**Exercise directions:**
Print only the lines below from the one with "Santa Cruz Quilted" to the one with "Ferienwohnung N&D Šibenik Exterior foto", both included, exactly as they stand. Leave pictures out.

**Supplied information:**

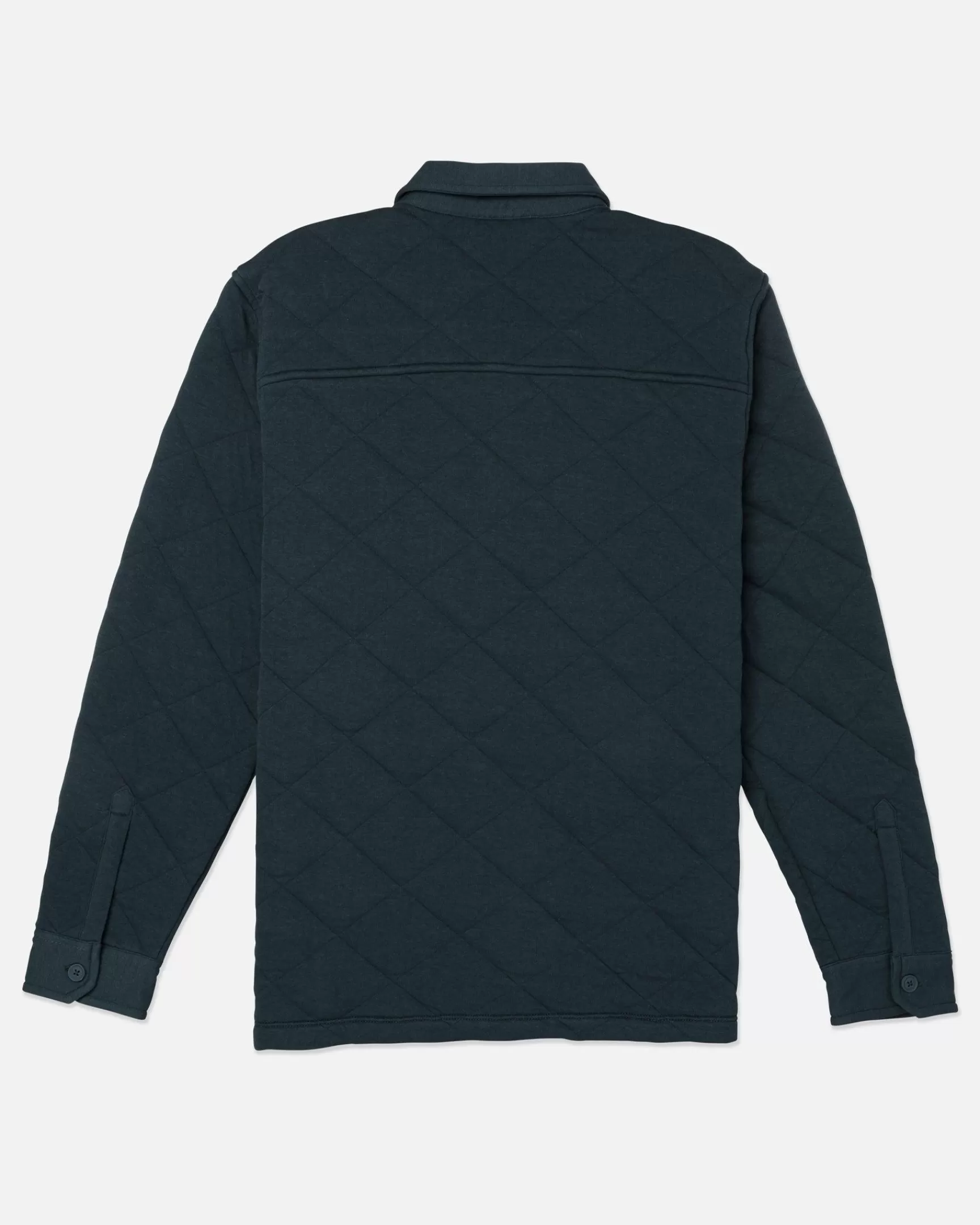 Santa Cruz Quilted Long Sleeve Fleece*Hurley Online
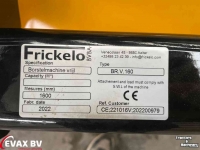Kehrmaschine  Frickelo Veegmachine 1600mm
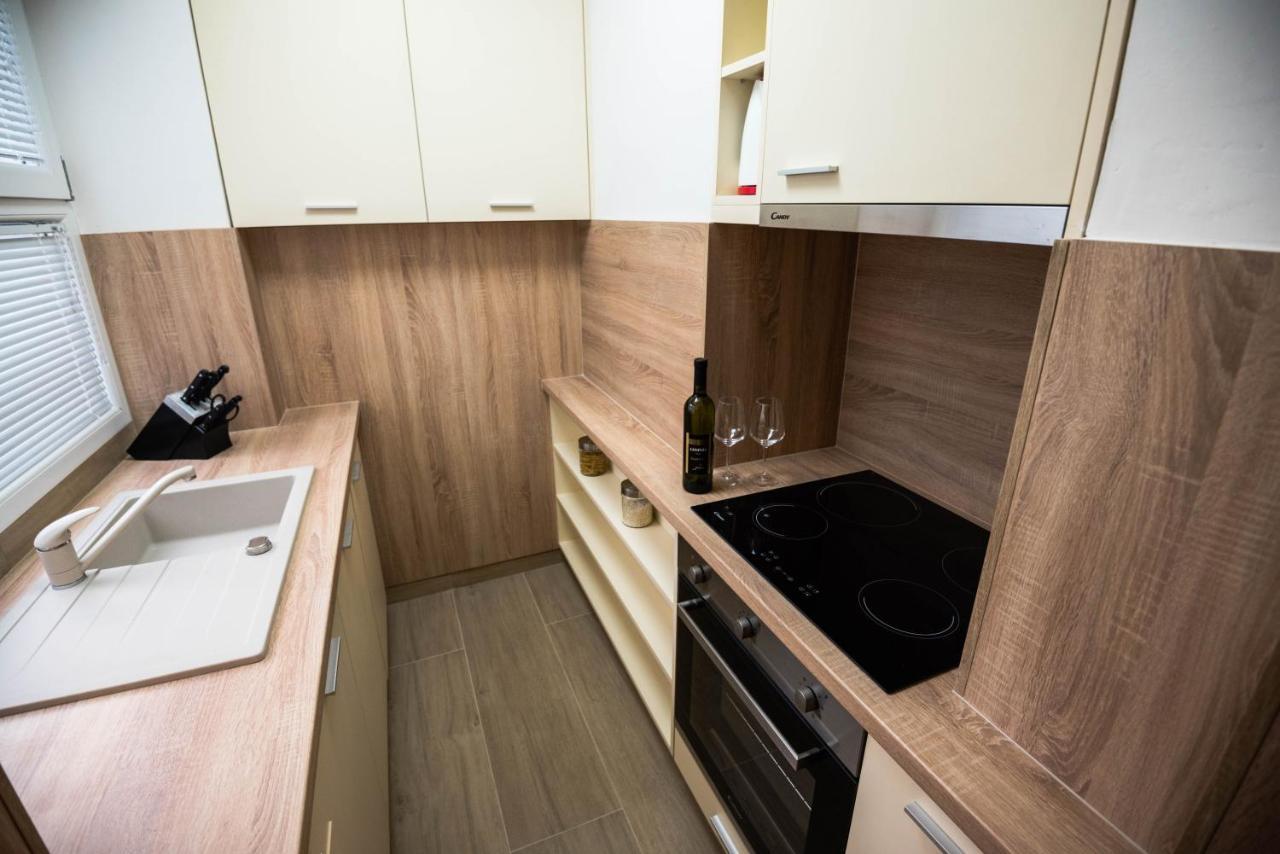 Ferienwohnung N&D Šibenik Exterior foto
--
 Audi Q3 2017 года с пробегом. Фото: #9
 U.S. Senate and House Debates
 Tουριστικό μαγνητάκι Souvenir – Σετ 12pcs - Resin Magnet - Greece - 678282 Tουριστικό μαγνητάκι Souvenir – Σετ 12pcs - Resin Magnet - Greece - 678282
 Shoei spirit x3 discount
---
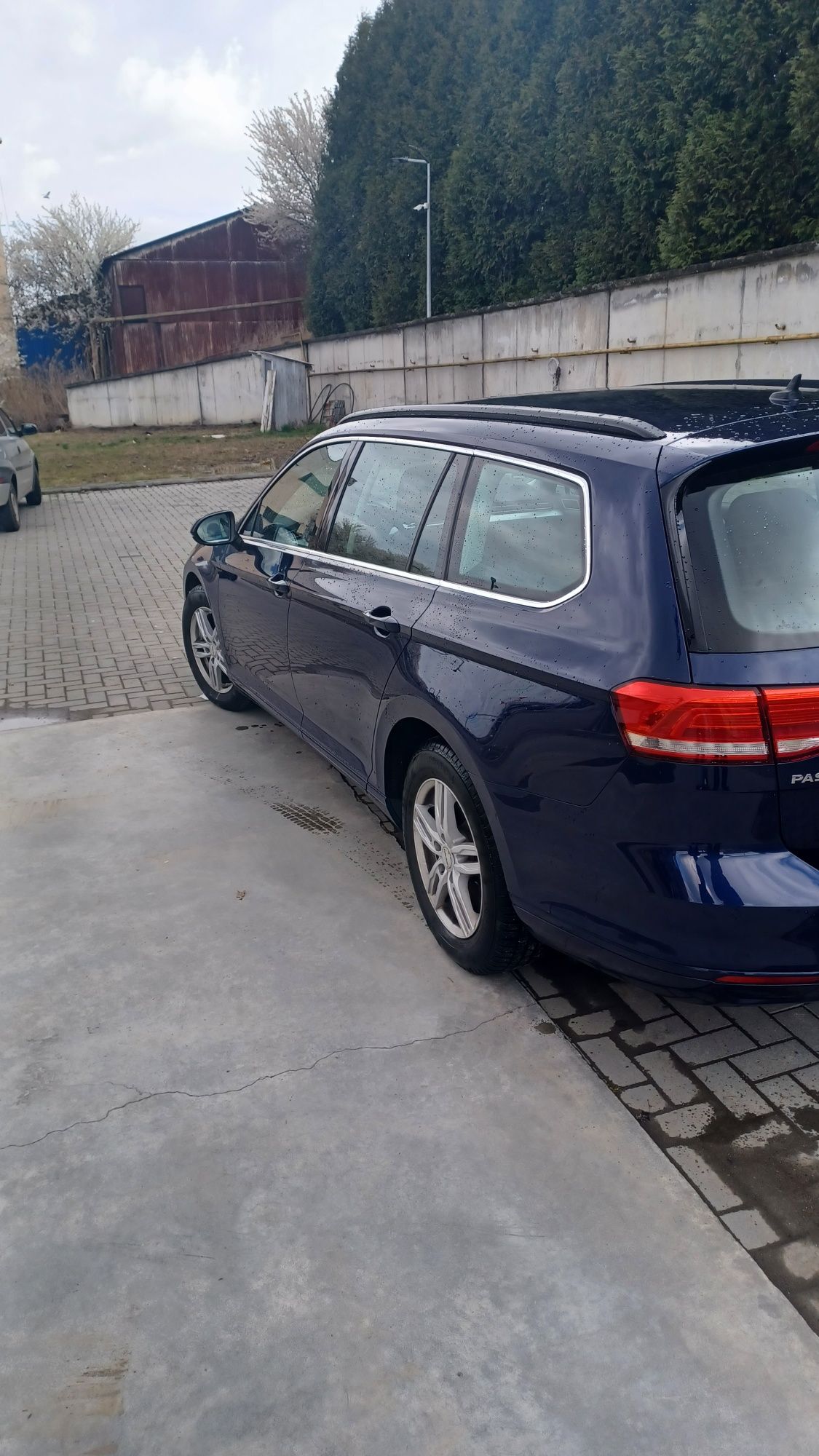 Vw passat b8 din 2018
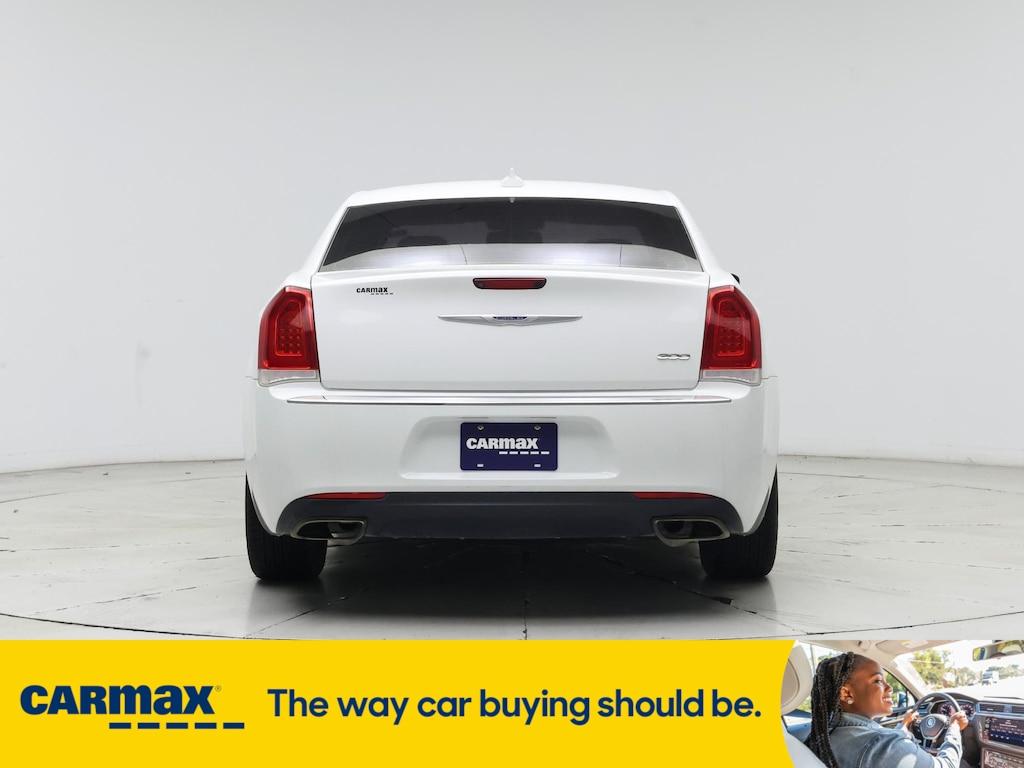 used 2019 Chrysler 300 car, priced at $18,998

**Exercise response:**
 Santa Cruz Quilted Long Sleeve Fleece*Hurley Online
Kehrmaschine  Frickelo Veegmachine 1600mm
 Ferienwohnung N&D Šibenik Exterior foto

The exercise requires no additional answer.